Lift every line from the entries that includes the word "patterns".

*Records from a dataset*:
┌──
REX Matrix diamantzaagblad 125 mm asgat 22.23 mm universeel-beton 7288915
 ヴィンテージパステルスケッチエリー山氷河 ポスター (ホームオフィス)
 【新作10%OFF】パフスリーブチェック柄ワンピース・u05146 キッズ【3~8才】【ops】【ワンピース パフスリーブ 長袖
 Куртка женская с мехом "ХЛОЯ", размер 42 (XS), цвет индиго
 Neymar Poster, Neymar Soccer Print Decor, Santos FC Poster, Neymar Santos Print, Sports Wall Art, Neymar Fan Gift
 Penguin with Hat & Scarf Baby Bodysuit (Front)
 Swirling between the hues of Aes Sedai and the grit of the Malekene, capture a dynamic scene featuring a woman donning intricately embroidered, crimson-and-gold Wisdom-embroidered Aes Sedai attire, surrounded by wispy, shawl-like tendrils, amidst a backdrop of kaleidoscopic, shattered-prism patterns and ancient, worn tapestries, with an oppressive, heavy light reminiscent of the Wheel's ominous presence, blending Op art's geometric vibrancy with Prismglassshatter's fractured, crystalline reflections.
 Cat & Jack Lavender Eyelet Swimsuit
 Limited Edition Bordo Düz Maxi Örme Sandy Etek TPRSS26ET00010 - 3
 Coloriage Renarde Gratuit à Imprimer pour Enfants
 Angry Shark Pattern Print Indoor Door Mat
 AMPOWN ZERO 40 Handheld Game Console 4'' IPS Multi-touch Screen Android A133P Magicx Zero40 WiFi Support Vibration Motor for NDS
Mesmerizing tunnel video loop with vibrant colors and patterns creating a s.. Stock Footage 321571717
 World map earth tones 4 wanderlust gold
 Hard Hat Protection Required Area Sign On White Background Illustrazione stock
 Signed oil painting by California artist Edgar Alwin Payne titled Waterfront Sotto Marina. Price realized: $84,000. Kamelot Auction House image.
└──
*Exercise solution*:
 Swirling between the hues of Aes Sedai and the grit of the Malekene, capture a dynamic scene featuring a woman donning intricately embroidered, crimson-and-gold Wisdom-embroidered Aes Sedai attire, surrounded by wispy, shawl-like tendrils, amidst a backdrop of kaleidoscopic, shattered-prism patterns and ancient, worn tapestries, with an oppressive, heavy light reminiscent of the Wheel's ominous presence, blending Op art's geometric vibrancy with Prismglassshatter's fractured, crystalline reflections.
Mesmerizing tunnel video loop with vibrant colors and patterns creating a s.. Stock Footage 321571717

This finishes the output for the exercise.